The CADBuilder dataset is introduced to support the task of sequential CAD assembly action prediction, where models reconstruct complete 3D objects from disassembled parts by predicting step-by-step 6-DoF transformations. This task is challenging for multimodal large language models (MLLMs) due to:
- Fine-grained geometric understanding: Accurate interpretation of part shapes and spatial constraints.
- Sequential assembly reasoning: Multi-step, state-dependent decision making.
- Physical feasibility: Ensuring collision-free and executable assembly trajectories.
CADBuilder is constructed as a large-scale parametric dataset with the following characteristics:
- Large-scale and diverse: Over 45K CAD assemblies collected from real-world datasets, covering diverse object structures.
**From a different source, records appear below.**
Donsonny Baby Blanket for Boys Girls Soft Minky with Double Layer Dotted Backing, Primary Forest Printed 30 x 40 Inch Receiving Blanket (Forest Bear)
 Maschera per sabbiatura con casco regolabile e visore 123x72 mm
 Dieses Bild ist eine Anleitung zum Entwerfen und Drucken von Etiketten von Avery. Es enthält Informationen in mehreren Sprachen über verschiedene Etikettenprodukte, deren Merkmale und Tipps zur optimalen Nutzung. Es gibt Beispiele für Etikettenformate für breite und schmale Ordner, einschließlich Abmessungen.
- Multi-level assembly complexity: Each object contains 2 to 15 parts, including:
- 2–5 parts: 35,483 samples
- 6–10 parts: 7,302 samples
- 11–15 parts: 2,276 samples
- Rich multimodal representation: Each sample includes a reference image, disassembled parts, and initial 6-DoF poses.
- Action-centric annotation: Provides assembly action sequences as relative 6-DoF transformations for each part.
- Physically grounded trajectories: Assembly sequences are generated via physics-based simulation and verified for collision-free feasibility.
- High-quality rendering: Reference images are rendered with carefully selected viewpoints to preserve structural details.
Overall, CADBuilder serves as a comprehensive benchmark for evaluating multimodal models on geometric reasoning, sequential planning, and physically feasible CAD assembly.